Haenel played one of the two sisters in Katell Quillévéré's Suzanne (2013), for which she received the César Award for Best Supporting Actress. In 2014, Haenel starred in the Thomas Cailley romantic comedy Love at First Fight as Madeleine, a graduate-school dropout and survivalist. She won the César Award for Best Actress for her performance. The same year, Haenel co-starred with Catherine Deneuve in André Téchiné's crime drama In the Name of My Daughter, playing the daughter of a casino owner. Writing for The Village Voice, Melissa Anderson compared her performance to Isabelle Adjani in the 1970s and '80s, and declared her a worthy successor to Deneuve in French cinema. For her roles in both films, Hanael received a Best Actress nomination at the 20th Lumière Awards.

In 2016, Haenel made her German-language debut in the film The Bloom of Yesterday, playing the French descendant of German Holocaust survivors.
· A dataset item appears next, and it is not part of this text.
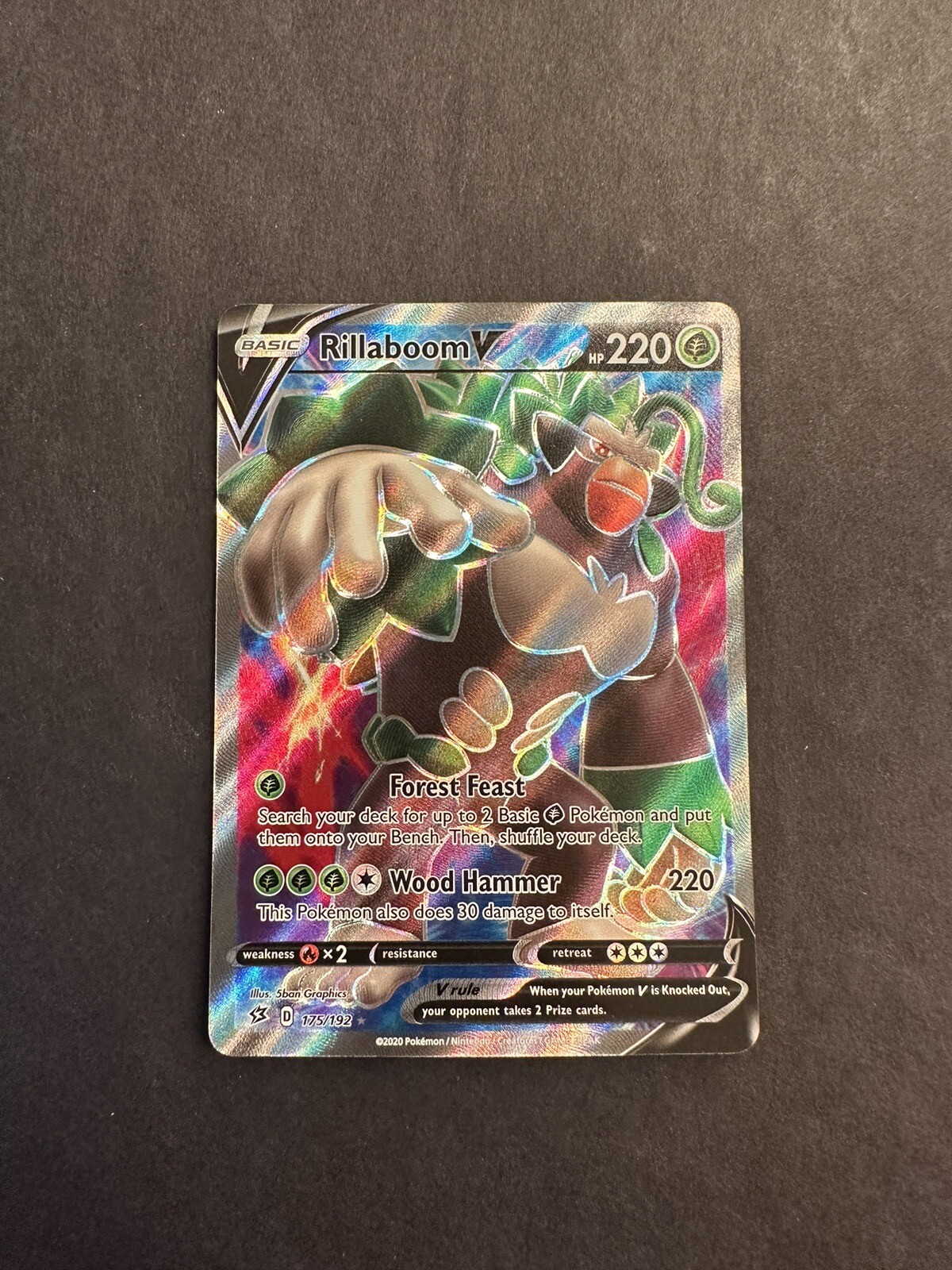 Rillaboom V 175/192 SWSH Rebel Clash Full Art Ultra Rare Holo Pokémon 2020 NM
In the 2017 Robin Campillo film BPM (Beats per Minute), Haenel portrayed Sophie, a headstrong HIV/AIDS activist of the Paris chapter of ACT UP. She received a nomination for the César Award for Best Supporting Actress for her performance.

Haenel starred in the 2018 Pierre Salvadori crime comedy The Trouble with You, playing a widowed detective based on the French Riviera. David Rooney of The Hollywood Reporter said her performance evoked the "classic screwball heroine", a departure from her more serious roles, and complimented the "grace and buoyancy" she brought to the character. She was again nominated for the César Award for Best Actress.
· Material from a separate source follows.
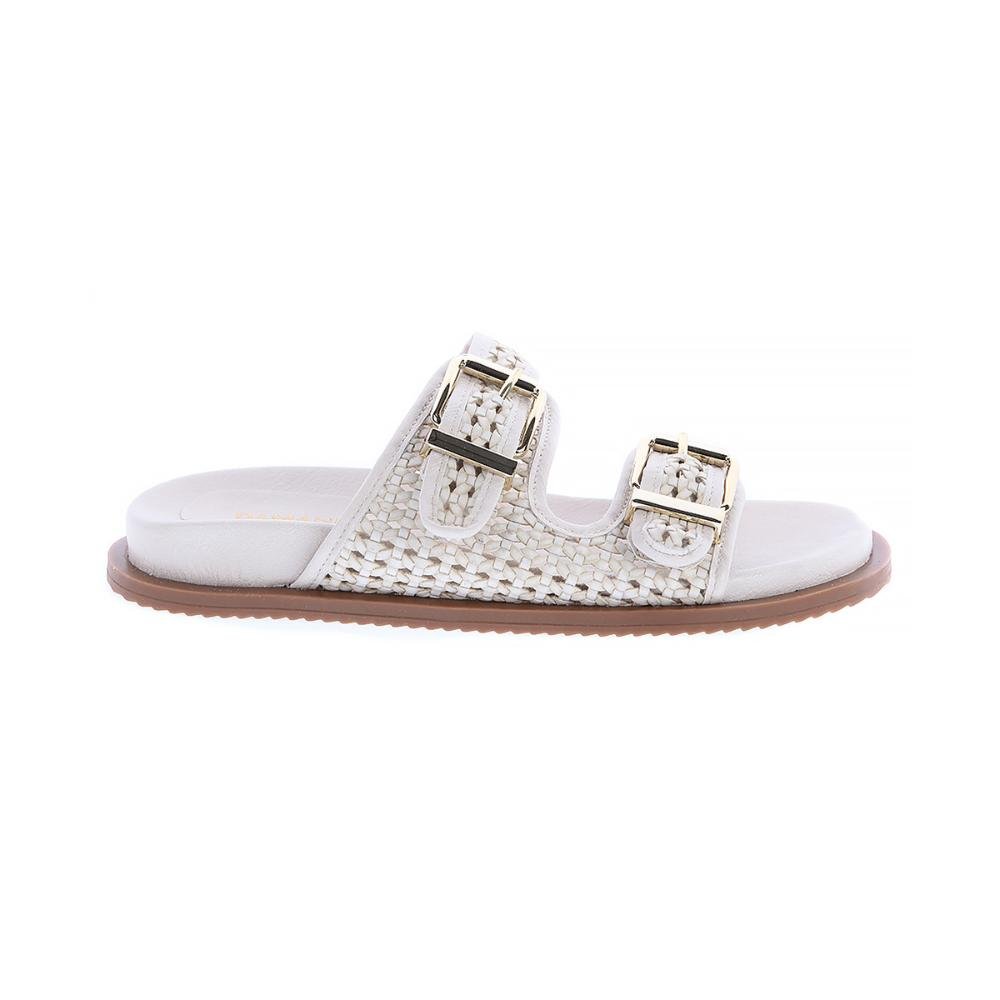 Layla - Papete Tramada Off White Fivelas Douradas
In 2019, Haenel appeared in three films that played at the Cannes Film Festival: Quentin Dupieux's Deerskin, Aude Léa Rapin's Heroes Don't Die, and Sciamma's Portrait of a Lady on Fire. In Portrait of a Lady on Fire, Haenel portrayed Héloïse, a young aristocrat in 18th-century Brittany who is to be married off to a nobleman from Milan. The New Yorkers Richard Brody noted her chemistry with co-star Noémie Merlant and called the two "relentlessly graceful, endowed with physical aplomb, contemplative insight, and strong emotion". A. O. Scott of The New York Times considered Haenel's performance worthy of an Oscar nomination for Best Actress, and Bilge Ebiri of Vulture described the climax of the film (which features Haenel) as "one of the finest pieces of acting and one of the most moving images I've seen in eons." Haenel was nominated for the César Award for Best Actress for her performance, her seventh César nomination.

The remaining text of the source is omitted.